Task instructions — Please keep the pictures out and write out exactly the lines from the first in the data below through the one containing "Welcome to the", both included.

§ §

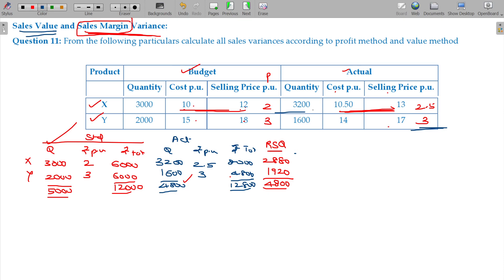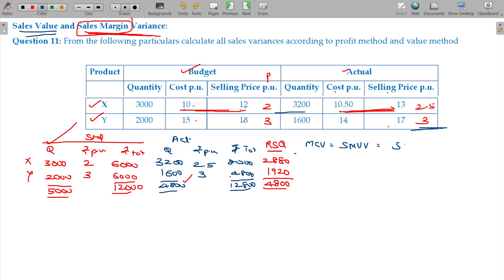Sales Margin Value Variance formula: standard sales margin minus actual sales margin, or more simply, standard profit minus actual profit. For X: standard profit is 6,000 and actual profit is 8,000. For Y: standard profit is 6,000 and actual profit is 4,800.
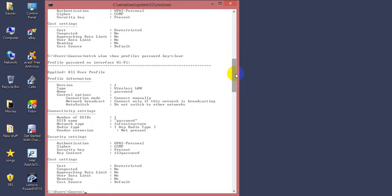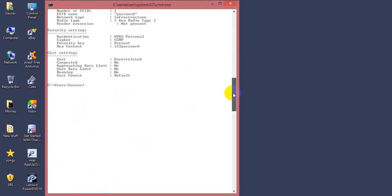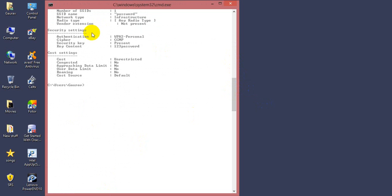Enter. In the lower section, you will get a key content: 123 password, which is your password of the WiFi network.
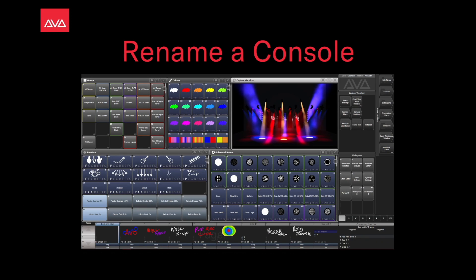Hey everybody and welcome back to Mission Control for a quick tips video. Let's talk about renaming a console.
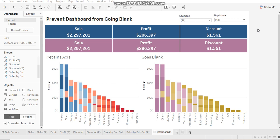Hi everyone, this is Achal Soni. Welcome to my channel. In this video, I'm going to discuss a solution by which you can prevent your dashboard from going blank in cases when filters are selected such that there are no rows to return.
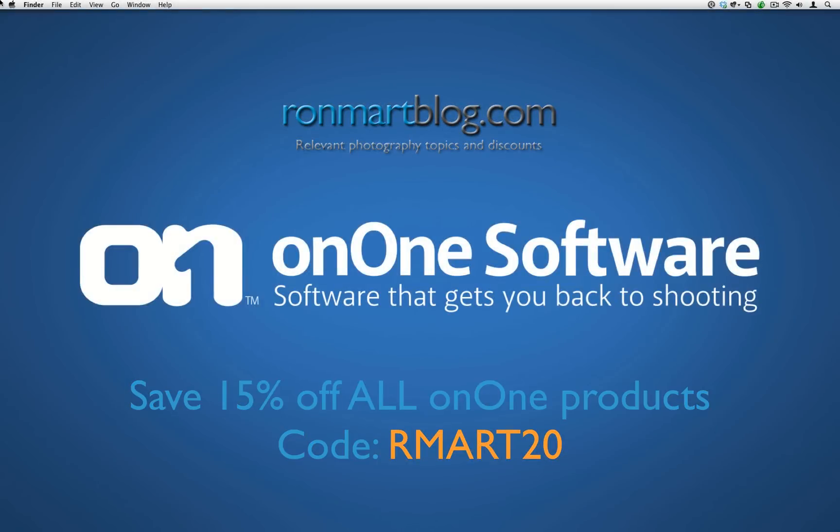Hey everyone, my name is Brian Matiasch and I'm the Curriculum and Education Manager at On1 Software. I want to thank Ron for giving me the opportunity to show you how the Perfect Photo Suite can help you boost the look and feel of your image.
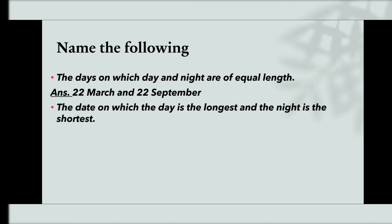The date on which the day is the longest and the night is the shortest. And the answer is 21st June.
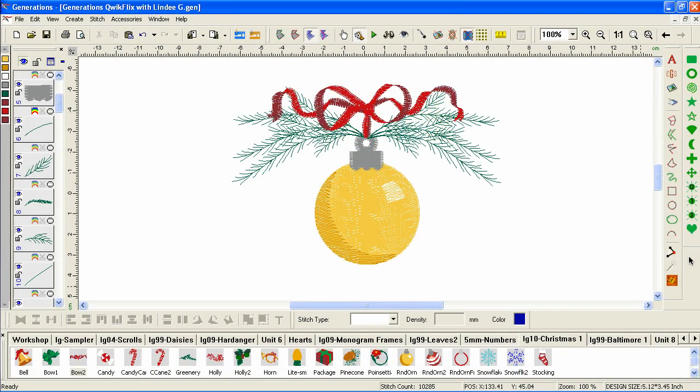Welcome to the Quick Flix video series for using Generations. I'm Lindy Goodall of Lindy G Embroidery, and in this video we'll be using some building blocks in the Christmas Elements collection to create a holiday design.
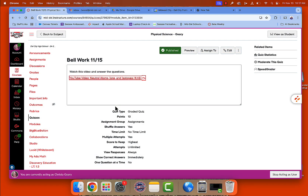In order to use DisplayNote or the screen share from your NewLine board, on your NewLine board you're going to click on screen sharing and then it's going to come up with a session ID.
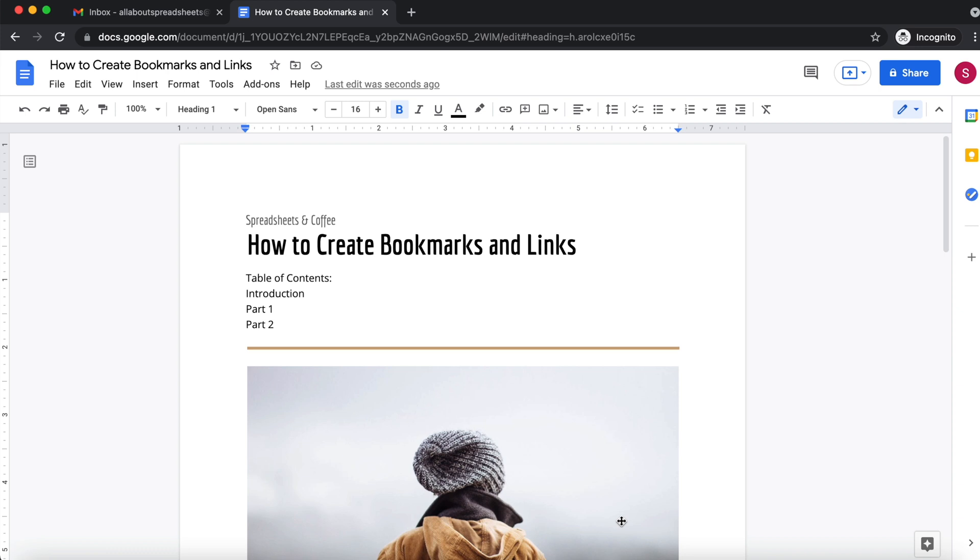In this tutorial I'm going to be showing you how to add bookmarks and links when using a Google document. So what I want to do here, I have a table of contents and I want to be able to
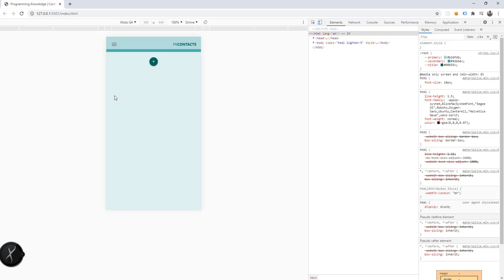In this video we're going to add PWA support to our project. This is a contact organizer app where you can add, view, and delete contacts. We want the app to work offline and persist data — so if you're offline and add a new contact, whenever you go back online, that offline data should be uploaded to the Firebase database.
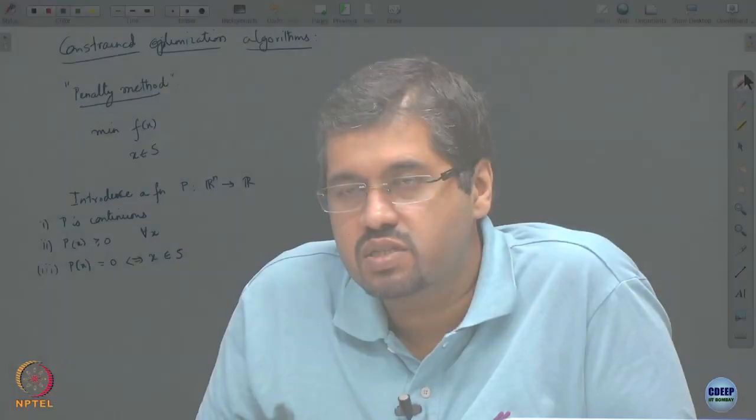So when you are in the feasible region, p is 0, and everywhere else it is positive. Unlike the functions we saw when discussing duality — where we defined the i0 and i-plus functions that went from 0 to infinity outside the feasible region — the function p here is a continuous function. Because it is continuous, it will not give you an exact reformulation of the constrained optimization; you would need to do a little bit more work.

§ §

Result —
Sales Margin Value Variance formula: standard sales margin minus actual sales margin, or more simply, standard profit minus actual profit. For X: standard profit is 6,000 and actual profit is 8,000. For Y: standard profit is 6,000 and actual profit is 4,800.
Enter. In the lower section, you will get a key content: 123 password, which is your password of the WiFi network.
Hey everybody and welcome back to Mission Control for a quick tips video. Let's talk about renaming a console.
Hi everyone, this is Achal Soni. Welcome to my channel. In this video, I'm going to discuss a solution by which you can prevent your dashboard from going blank in cases when filters are selected such that there are no rows to return.
Hey everyone, my name is Brian Matiasch and I'm the Curriculum and Education Manager at On1 Software. I want to thank Ron for giving me the opportunity to show you how the Perfect Photo Suite can help you boost the look and feel of your image.
The date on which the day is the longest and the night is the shortest. And the answer is 21st June.
Welcome to the Quick Flix video series for using Generations. I'm Lindy Goodall of Lindy G Embroidery, and in this video we'll be using some building blocks in the Christmas Elements collection to create a holiday design.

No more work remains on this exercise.